Panique à bord, l’heure de votre entretien d’évaluation a sonné. Qu’il soit annuel, semestriel ou trimestriel, il est souvent vécu comme un moment de stress. Pourtant, ses vertus sont nombreuses :
- Faire le bilan et revenir sur la performance d’une période donnée,
- Échanger des retours constructifs avec son manager sur la manière de travailler ensemble,
- Fixer des objectifs et un plan d’action concret pour la suite,
- Évoquer l’évolution au sein de l’entreprise.
Sarah Ben Allel est Head of People chez Qonto, une néo-banque B2B. Passionnée par les relations humaines et forte de 6 ans d’expérience dans les RH chez L’Oréal, elle a rejoint cette start-up en pleine croissance dans le but de co-construire sa politique RH : attirer, recruter et fidéliser ont été ses grands chantiers depuis le premier jour. Et avec une équipe qui est passée de 50 à 140 en moins d’un an et demi, elle a dû rapidement réfléchir à la manière de suivre l’évolution des équipes, notamment au travers des entretiens d’évaluation.
Alors, comment faire de l’entretien d’évaluation une opportunité ? Établir une discussion saine et constructive ? Mesurer les résultats et mettre sur pied un plan d’action pour grandir ? Sarah nous livre sa vision sur ces sujets utiles aux managers comme aux employés.
Un bilan factuel et constructif
Le point de départ de cet entretien : l’atteinte des objectifs de l’employé.
A-t-il réussi à atteindre les objectifs fixés par le manager ? Les a-t-il même dépassés ? Sur ce point, pas de surprise. Les résultats doivent être factuels.
“C’est le rôle du manager de fixer des objectifs clairs et mesurables pour son équipe (sous forme d’OKR par exemple). Et si ce n’est pas le cas, il ne faut surtout pas que les collaborateurs hésitent à être proactifs sur le sujet, proposer et ajuster si besoin ».

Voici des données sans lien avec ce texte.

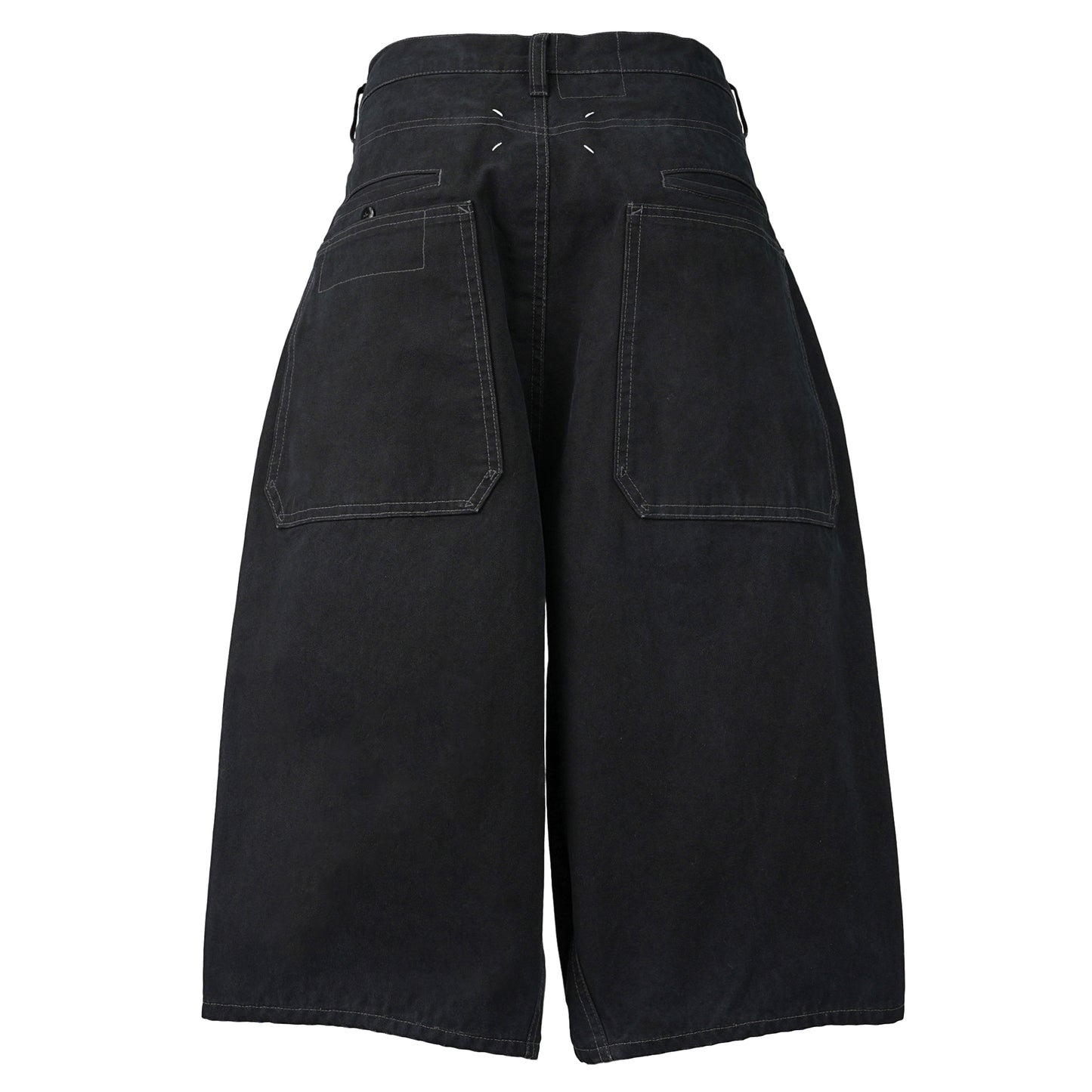 SHORT / 900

« C’est la clé pour parler le même langage et savoir exactement les sujets qui doivent être abordés en entretien. Personne n’est sensé tomber de sa chaise en apprenant ce qu’attendait son manager. Pour que cet entretien soit productif, il doit être un bilan d’éléments prédéfinis en amont.”
Au-delà des objectifs, l’entretien est l’occasion de regarder plus en détails les résultats pour prendre le moment de reconnaître les succès ou alors, lorsque les objectifs ne sont pas atteints, réfléchir à ce qui peut être mis en place pour la période suivante.
Cela étant dit, le seul mot d’ordre sur la teneur des échanges est qu’ils doivent être factuels.
“Le feedback doit être factuel. Et donc, amené avec des éléments et des exemples précis et circonstanciés. S’il ne l’est pas, il n’a pas de valeur”.
Comment s’y prendre ?
Il faut prendre le temps de préparer l’entretien en amont. Par exemple, l’employé peut venir avec les chiffres et résultats qui attestent de ses réussites :
“Apporter des chiffres pour quantifier le nombre de recrutements lorsque l’on est recruteur ou le nombre d’articles rédigés, de retombées presse ou de followers acquis par rapport à l’objectif lorsque si on est en charge de la communication ».
« Dès qu’on a de la donnée, les chiffres parlent. Ils sont utiles pour affiner la discussion et argumenter en vue d’une formation, d’une augmentation ou d’une prise de responsabilités”, assure Sarah.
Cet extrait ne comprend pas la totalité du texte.